ValueError – When n_epochs and n_iters have been passed at the same time. When batch size exceeds the dataset size.

Examples

for i in range(MAX_ITER):
    index_batch = index.next_batch(BATCH_SIZE, shuffle=True, n_epochs=2, drop_last=True):
    # do whatever you want

reset(what='iter'): Clear all iteration metadata in order to start iterating from scratch

reset_iter()

shuffle(shuffle, iter_params=None)[source]

Permute indices

Parameters:

shuffle (bool or seed) –

specifies the order of items

if False, items go sequentially, one after another as they appear in the index.
if True, items are shuffled randomly before each epoch.
see make_rng() for seed specifications.

Returns:

a permuted order for indices

Return type:

ndarray

property size: int - number of items in the set

split(shares=0.8, shuffle=False)[source]

Split index into train, test and validation subsets.
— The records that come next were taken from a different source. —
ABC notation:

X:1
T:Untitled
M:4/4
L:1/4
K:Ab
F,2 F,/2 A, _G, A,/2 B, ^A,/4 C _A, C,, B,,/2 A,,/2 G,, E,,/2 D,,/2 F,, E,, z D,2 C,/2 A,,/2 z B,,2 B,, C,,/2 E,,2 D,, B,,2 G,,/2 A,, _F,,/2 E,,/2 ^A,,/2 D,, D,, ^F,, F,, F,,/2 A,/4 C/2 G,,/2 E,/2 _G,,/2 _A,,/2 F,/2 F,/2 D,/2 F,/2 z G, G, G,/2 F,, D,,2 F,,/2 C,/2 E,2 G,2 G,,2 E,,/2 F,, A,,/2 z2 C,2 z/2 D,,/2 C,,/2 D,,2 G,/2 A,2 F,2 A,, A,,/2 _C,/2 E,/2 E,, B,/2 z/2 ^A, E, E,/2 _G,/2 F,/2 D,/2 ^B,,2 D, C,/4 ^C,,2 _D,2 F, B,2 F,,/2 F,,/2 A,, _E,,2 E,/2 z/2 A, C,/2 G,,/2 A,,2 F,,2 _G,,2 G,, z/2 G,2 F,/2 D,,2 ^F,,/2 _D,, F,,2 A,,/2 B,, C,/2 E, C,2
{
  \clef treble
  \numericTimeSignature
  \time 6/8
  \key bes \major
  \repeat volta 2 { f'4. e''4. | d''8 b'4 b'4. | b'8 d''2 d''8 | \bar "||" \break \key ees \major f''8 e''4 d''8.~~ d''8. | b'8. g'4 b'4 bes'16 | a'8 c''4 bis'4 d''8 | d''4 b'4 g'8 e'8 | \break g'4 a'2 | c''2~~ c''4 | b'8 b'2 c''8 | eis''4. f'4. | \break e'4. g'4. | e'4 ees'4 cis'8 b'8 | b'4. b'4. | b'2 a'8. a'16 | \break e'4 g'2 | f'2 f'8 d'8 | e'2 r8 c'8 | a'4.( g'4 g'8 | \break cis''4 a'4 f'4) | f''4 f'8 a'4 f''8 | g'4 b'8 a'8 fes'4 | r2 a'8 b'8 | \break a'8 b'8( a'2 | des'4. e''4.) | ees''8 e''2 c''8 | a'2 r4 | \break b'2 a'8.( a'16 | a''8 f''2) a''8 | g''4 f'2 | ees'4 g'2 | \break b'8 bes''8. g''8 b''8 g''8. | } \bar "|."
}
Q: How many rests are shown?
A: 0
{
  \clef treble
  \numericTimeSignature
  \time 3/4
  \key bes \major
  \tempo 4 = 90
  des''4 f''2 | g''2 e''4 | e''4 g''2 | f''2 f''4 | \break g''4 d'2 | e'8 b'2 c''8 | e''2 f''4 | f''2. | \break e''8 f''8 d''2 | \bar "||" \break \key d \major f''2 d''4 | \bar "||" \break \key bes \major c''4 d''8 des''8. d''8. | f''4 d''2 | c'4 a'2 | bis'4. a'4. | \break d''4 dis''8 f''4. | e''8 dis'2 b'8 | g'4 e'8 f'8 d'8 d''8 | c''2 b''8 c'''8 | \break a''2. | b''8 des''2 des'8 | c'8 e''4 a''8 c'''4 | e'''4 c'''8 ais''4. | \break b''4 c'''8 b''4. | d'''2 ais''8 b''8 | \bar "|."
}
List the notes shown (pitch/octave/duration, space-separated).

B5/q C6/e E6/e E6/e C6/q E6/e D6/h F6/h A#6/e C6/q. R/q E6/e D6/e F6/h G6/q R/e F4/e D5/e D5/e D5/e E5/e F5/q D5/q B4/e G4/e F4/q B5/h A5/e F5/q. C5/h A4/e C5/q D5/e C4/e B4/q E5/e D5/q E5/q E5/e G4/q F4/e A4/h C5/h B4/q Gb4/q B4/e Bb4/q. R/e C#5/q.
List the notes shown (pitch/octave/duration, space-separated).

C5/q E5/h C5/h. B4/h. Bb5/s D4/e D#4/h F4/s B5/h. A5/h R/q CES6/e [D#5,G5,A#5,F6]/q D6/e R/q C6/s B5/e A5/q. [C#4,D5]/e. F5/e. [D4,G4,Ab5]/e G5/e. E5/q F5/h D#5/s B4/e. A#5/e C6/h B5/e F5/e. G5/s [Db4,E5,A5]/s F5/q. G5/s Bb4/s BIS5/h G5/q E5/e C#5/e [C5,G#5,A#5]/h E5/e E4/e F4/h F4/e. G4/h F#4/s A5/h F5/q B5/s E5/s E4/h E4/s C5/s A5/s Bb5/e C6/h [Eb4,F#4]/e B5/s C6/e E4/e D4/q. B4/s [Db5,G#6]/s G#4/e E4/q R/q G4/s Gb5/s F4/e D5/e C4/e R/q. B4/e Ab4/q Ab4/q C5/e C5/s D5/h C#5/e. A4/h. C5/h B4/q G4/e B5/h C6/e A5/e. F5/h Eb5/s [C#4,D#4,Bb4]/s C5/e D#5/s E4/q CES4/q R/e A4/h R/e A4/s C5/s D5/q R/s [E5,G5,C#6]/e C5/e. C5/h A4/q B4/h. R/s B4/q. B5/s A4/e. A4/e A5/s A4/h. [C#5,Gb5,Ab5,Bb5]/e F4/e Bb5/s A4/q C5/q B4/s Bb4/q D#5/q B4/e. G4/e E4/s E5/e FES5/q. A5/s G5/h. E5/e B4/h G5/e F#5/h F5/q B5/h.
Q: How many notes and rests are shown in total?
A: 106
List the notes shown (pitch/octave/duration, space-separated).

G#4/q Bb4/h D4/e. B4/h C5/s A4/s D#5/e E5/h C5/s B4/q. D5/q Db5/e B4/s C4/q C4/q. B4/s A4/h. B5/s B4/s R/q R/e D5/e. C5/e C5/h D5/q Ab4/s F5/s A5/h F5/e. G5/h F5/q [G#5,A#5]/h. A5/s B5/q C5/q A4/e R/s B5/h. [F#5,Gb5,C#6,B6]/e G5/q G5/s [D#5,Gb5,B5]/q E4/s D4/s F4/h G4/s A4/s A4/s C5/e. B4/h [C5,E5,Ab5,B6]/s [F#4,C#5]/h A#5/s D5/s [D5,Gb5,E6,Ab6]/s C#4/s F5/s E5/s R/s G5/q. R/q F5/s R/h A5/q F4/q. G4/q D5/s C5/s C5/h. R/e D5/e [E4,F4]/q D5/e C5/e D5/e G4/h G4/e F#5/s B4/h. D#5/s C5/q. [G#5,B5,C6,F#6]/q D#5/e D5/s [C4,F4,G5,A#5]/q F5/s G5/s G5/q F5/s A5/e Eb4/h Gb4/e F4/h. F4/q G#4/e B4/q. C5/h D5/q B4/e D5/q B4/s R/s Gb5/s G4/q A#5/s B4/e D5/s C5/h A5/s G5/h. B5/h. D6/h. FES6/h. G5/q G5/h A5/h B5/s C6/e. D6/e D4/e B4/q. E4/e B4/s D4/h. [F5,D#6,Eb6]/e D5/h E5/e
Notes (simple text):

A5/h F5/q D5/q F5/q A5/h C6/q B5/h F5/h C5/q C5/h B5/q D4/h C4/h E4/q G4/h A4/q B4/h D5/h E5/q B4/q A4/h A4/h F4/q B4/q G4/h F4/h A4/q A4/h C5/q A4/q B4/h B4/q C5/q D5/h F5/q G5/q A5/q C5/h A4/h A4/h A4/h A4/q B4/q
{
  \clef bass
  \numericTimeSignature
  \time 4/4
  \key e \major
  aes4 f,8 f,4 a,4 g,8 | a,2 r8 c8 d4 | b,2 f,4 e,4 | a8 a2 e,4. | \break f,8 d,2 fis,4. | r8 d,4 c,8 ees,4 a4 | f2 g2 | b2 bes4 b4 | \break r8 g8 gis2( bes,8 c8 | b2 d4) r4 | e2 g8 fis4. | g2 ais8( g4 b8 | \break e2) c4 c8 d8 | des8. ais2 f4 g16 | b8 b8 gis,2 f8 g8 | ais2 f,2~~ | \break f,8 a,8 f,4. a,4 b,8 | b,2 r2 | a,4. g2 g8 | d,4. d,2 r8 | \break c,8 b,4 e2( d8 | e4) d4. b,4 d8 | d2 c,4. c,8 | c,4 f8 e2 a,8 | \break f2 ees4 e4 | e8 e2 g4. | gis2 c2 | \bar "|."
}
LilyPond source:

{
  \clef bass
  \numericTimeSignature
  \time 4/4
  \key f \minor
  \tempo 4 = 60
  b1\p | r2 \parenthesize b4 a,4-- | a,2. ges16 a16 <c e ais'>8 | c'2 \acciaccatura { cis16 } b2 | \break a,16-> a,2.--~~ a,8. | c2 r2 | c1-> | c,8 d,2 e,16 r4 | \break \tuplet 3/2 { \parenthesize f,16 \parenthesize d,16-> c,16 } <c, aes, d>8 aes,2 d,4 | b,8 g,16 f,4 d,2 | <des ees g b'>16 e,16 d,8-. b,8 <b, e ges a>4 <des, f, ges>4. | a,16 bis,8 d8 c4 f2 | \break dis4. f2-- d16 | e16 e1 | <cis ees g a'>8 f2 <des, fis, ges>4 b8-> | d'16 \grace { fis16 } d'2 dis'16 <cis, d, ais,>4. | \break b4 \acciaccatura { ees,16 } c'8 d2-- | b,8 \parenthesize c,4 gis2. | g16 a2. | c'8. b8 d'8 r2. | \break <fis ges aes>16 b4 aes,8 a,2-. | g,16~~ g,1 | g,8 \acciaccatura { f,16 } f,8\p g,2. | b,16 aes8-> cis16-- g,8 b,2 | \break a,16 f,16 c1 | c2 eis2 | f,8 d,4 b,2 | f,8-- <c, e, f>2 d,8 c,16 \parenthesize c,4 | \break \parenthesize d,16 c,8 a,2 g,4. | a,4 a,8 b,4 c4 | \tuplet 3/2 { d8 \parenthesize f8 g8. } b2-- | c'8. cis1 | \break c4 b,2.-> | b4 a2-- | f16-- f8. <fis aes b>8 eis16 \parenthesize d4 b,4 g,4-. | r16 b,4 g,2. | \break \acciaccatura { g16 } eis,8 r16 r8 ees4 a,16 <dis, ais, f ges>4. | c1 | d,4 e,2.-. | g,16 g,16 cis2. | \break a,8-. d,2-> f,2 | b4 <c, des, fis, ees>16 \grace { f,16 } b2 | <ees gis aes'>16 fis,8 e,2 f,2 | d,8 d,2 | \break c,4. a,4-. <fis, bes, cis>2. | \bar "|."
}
Shuffles index if necessary.

Subsets are available as .train, .test and .validation respectively.

Parameters:

shares (float or tuple of floats) – train, test and validation shares.
shuffle – specifies the order of items (see shuffle())

Notes

If tuple of 3 floats is passed, then validation subset is always present.

Examples

split into train / test in 80/20 ratio

>>> index.split()

split into train / test / validation in 60/30/10 ratio

>>> index.split([0.6, 0.3])

split into train / test / validation in 50/30/20 ratio

>>> index.split([0.5, 0.3, 0.2])

use 1 sample as validation and split the rest evenly to train / test

>>> index.split([0.5, 0.5, 0])

subset_by_pos(pos)[source]

Return subset of index by given positions in the index.

Parameters:: pos (int, slice, list or numpy.array) – Positions of items to include in subset.
Returns:: Subset of DatasetIndex.index.
Return type:: numpy.array

FilesIndex

class FilesIndex(*args, **kwargs)[source]

Bases: DatasetIndex

Index with the list of files or directories with the given path pattern

Examples

Create a sorted index of files in a directory:

>>> fi = FilesIndex(path='/path/to/data/files/*', sort=True)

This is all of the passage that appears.